THE PROBLEM =>
Write out word for word the lines from the one holding "In this particular lesson, we're" through the end of the data, and only those lines. Pictures stay out.

DATA SHOWN =>
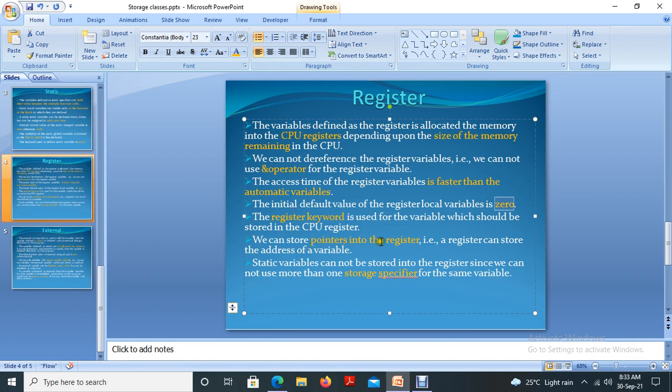We can store pointers into registers — we will discuss this in detail in the pointer module coming up next. The register can store the address of another variable, which is the meaning of a pointer variable. A variable that stores the address of another variable is considered a pointer variable. So we can store pointers into registers.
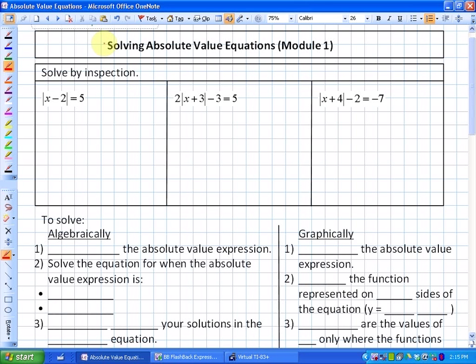In this particular lesson, we're going to be looking at solving absolute value equations. I'm calling this Module 1 because we're going to break it into two lessons, just so they're shorter that way.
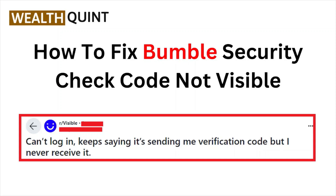Hi, welcome back to the YouTube channel. In this particular video, we'll see how to fix the Bumble security code check not visible. Let's get started.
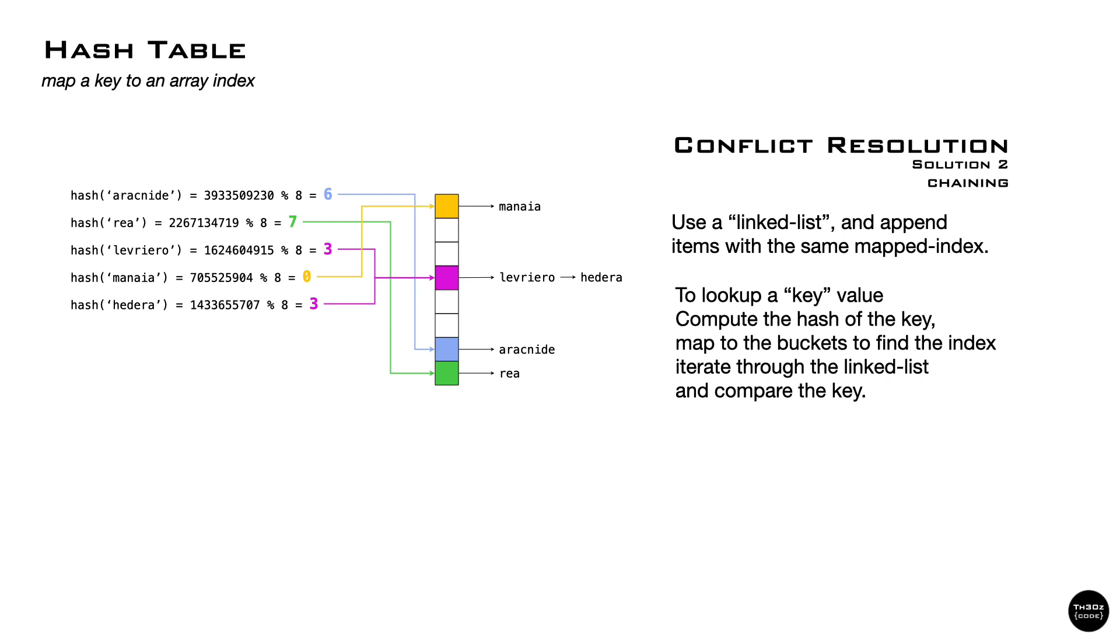A simple approach is to use a linked list to store items. If we already have something in the slot, we add it to the list. When we want to look up the value, we scan the list and compare the key until we find the one we are looking for. This approach is called chaining.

EXPECTED ANSWER =>
In this particular lesson, we're going to be looking at solving absolute value equations. I'm calling this Module 1 because we're going to break it into two lessons, just so they're shorter that way.
Hi, welcome back to the YouTube channel. In this particular video, we'll see how to fix the Bumble security code check not visible. Let's get started.
A simple approach is to use a linked list to store items. If we already have something in the slot, we add it to the list. When we want to look up the value, we scan the list and compare the key until we find the one we are looking for. This approach is called chaining.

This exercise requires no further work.